_What this task involves_: Using the data below, transcribe exactly everything from the line that contains "Onesexymilf22" down to the line that contains "And I Oop- Meme Coffee Mug". Include both of those lines and none of the pictures.

_Input data_:
-- -- --

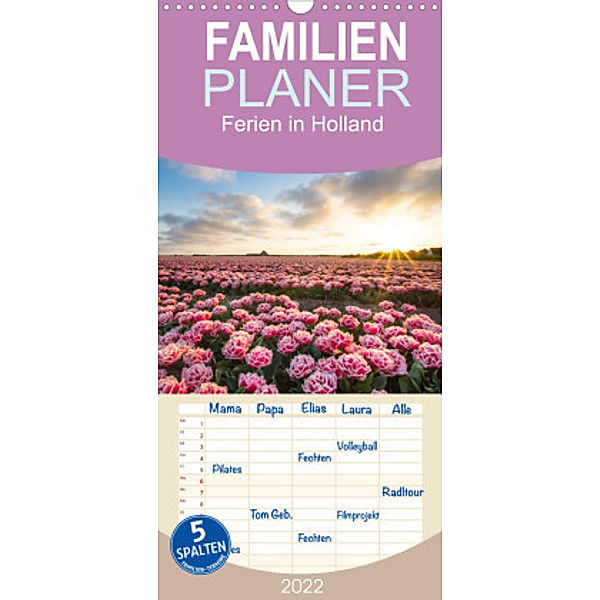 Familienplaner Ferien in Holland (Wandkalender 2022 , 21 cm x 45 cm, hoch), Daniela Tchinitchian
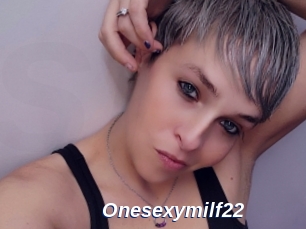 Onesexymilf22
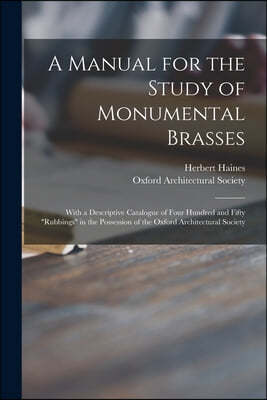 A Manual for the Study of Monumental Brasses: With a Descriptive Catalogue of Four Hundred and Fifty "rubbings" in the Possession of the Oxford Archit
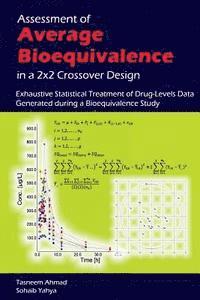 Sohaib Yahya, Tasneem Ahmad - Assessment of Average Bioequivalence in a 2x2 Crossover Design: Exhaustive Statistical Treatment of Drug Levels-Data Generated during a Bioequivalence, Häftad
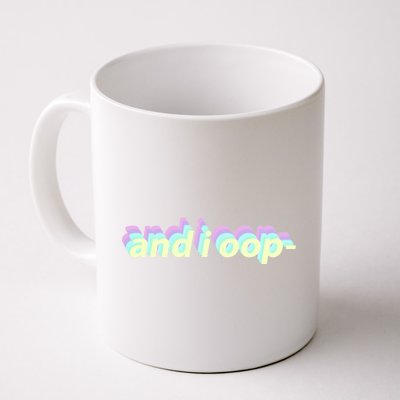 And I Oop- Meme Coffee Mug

-- -- --

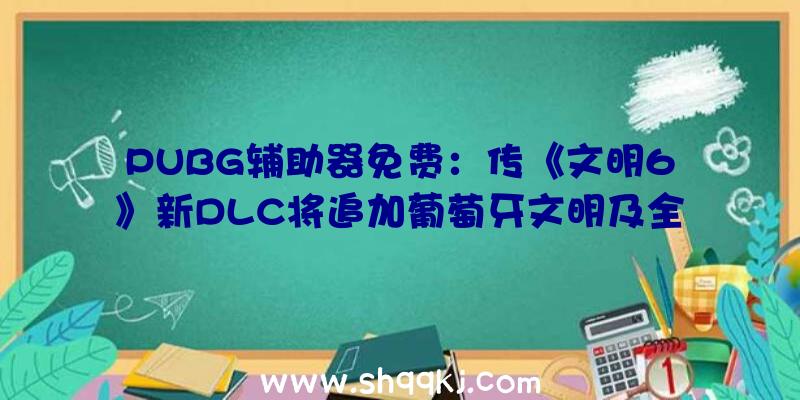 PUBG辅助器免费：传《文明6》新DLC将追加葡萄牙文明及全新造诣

-- -- --

_Task result_:
 Onesexymilf22
 A Manual for the Study of Monumental Brasses: With a Descriptive Catalogue of Four Hundred and Fifty "rubbings" in the Possession of the Oxford Archit
 Sohaib Yahya, Tasneem Ahmad - Assessment of Average Bioequivalence in a 2x2 Crossover Design: Exhaustive Statistical Treatment of Drug Levels-Data Generated during a Bioequivalence, Häftad
 And I Oop- Meme Coffee Mug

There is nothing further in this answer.